After graduating from Morehouse College in 1979, he enrolled in New York University’s Tisch School of the Arts, to study film production. For his senior project, Lee produced the 45-minute film “Joe’s Bed-Stuy Barbershop: We Cut Heads”, which won the Dramatic Merit Award from the Academy of Motion Picture Arts and Sciences. It also became the first student film to be showcased at the Lincoln Center’s New Directors New Films Festival.
The success of the film encouraged Lee to hire representation at the William Morris Agency, but when no studio contracts from Hollywood came about, he began exploring alternate means of independent financing. In a sense, he was the original Kickstarter, in an interview he jokingly stated, “we actually licked stamps and put pen to paper.”

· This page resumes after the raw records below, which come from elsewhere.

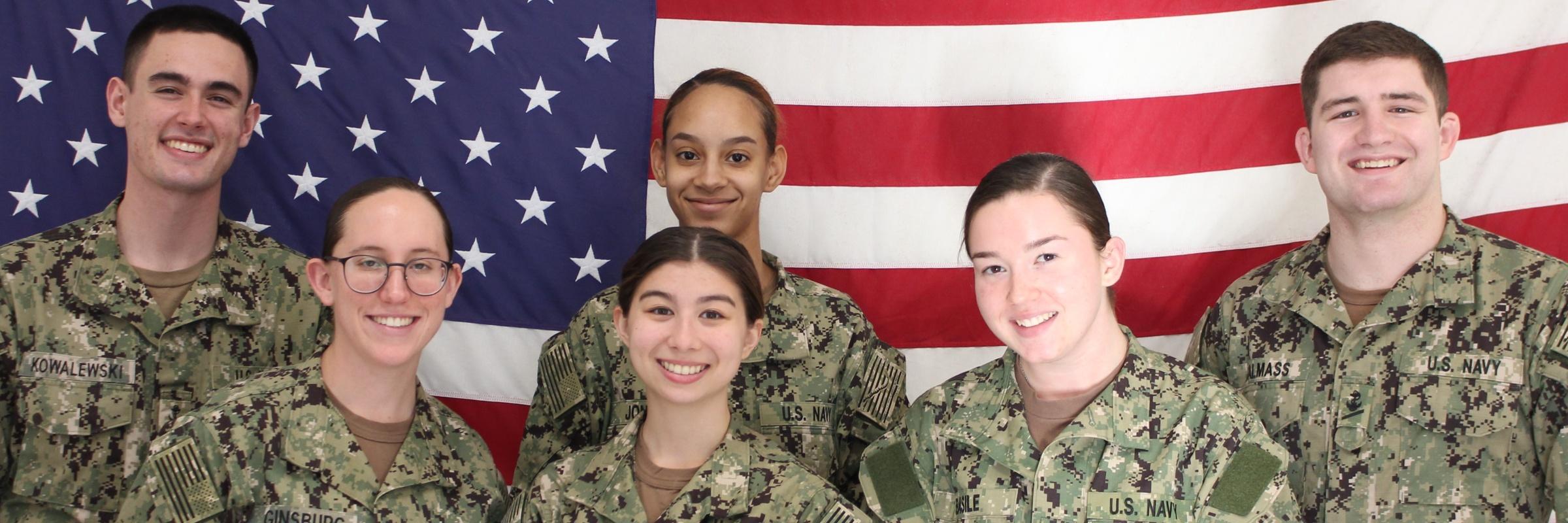 Six smiling midshipmen are standing in front of an American Flag.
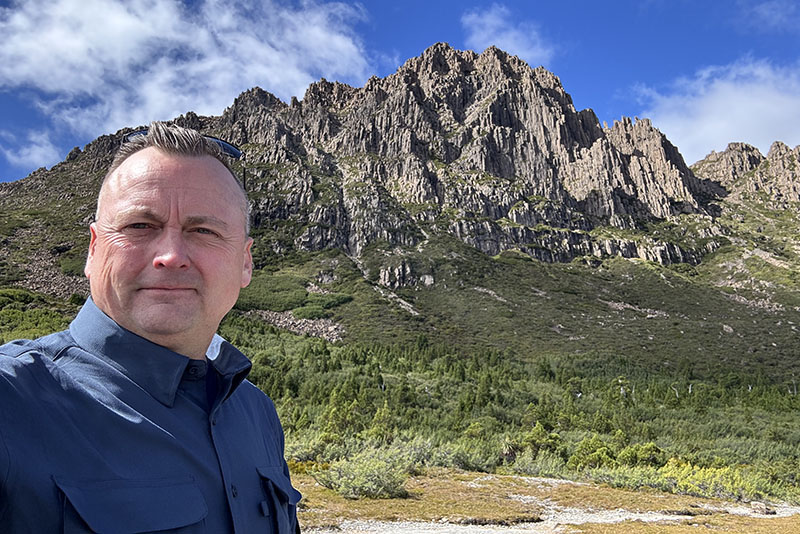 John Kilburn of SAS standing in front of a mountain peak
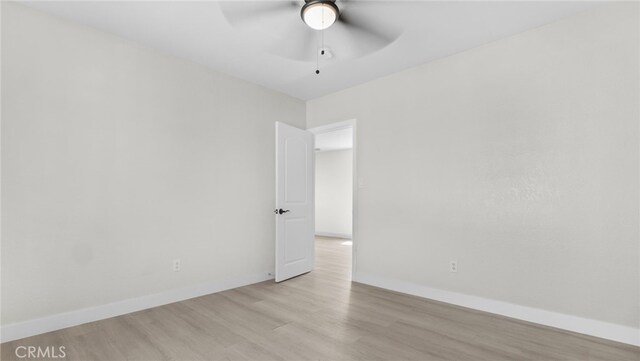 413 E 81st St, Los Angeles, CA 90003 - unfurnished room featuring a ceiling fan, light wood-type flooring, and baseboards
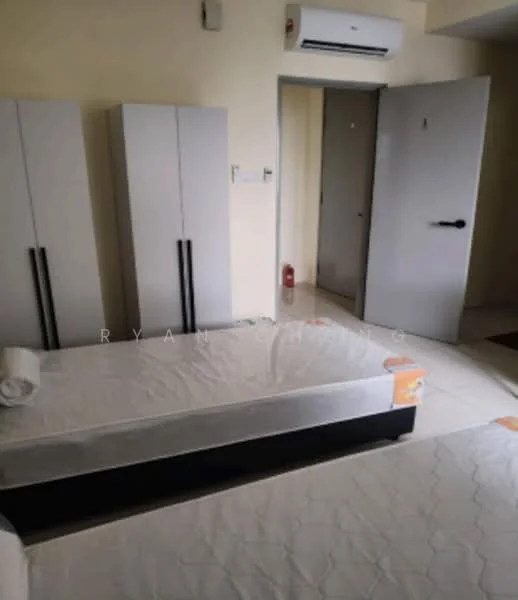 Room features: two single beds with mattresses, grey wardrobes with black handles, light-colored walls, white tiled flooring, wall-mounted air conditioning unit, door leading to another room, fire extinguisher visible, light switch on the wall; style: minimalist.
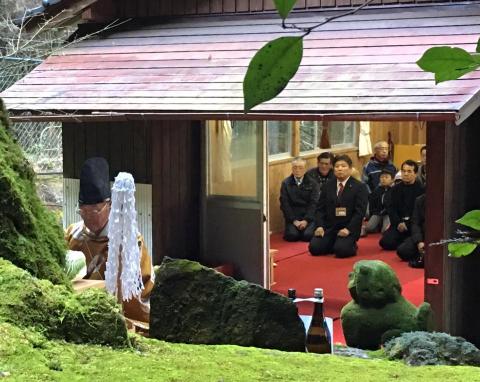 玉串ほうてんをしている神主と神社内で座っている市長や参加者の写真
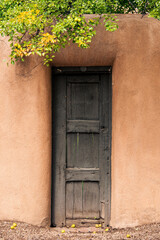Obraz premium Rustic wood door and adobe wall under pear tree in Santa Fe, New Mexico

In 1986, after a series of setbacks, he managed to secure 125,000 dollars to produce the stylish and sexy 1986 comedy “She’s Gotta Have It”. It garnered the Prix de Jeunesse award at Cannes and earned 9 million dollars at the box office. Hollywood soon came calling, and Lee managed to get partial financing from Columbia Pictures for his second feature, “School Daze”. However, Lee was only given a third of the usual Hollywood budget. Fortunately, it remained true to his provocative vision and grossed twice its cost at the box office, despite poor promotion from the studio and unfavorable reviews from critics. With an all-black ensemble cast, the film satirically addressed the class and color divisions within the student body of a black college. It focused mostly on the conflict between the school and the fraternities. Lee was a strong critic of fraternities and sororities and portrayed them as materialistic, irresponsible, and uncaring.
Then in 1989, “Do the Right Thing”, launched Spike to the forefront of the American filmmaking community. The movie portrayed the racial tensions that emerged in the Bed-Stuy neighborhood of Brooklyn, New York on one sweltering hot day. It was the most controversial and talked-about film of the year and eventually went on to earn an Oscar nomination for “Best Screenplay”. The movie was made on a budget of $175,000, and earned more than $7 million at the box office. The film’s success allowed him to start his own production company, 40 Acres & a Mule Filmworks.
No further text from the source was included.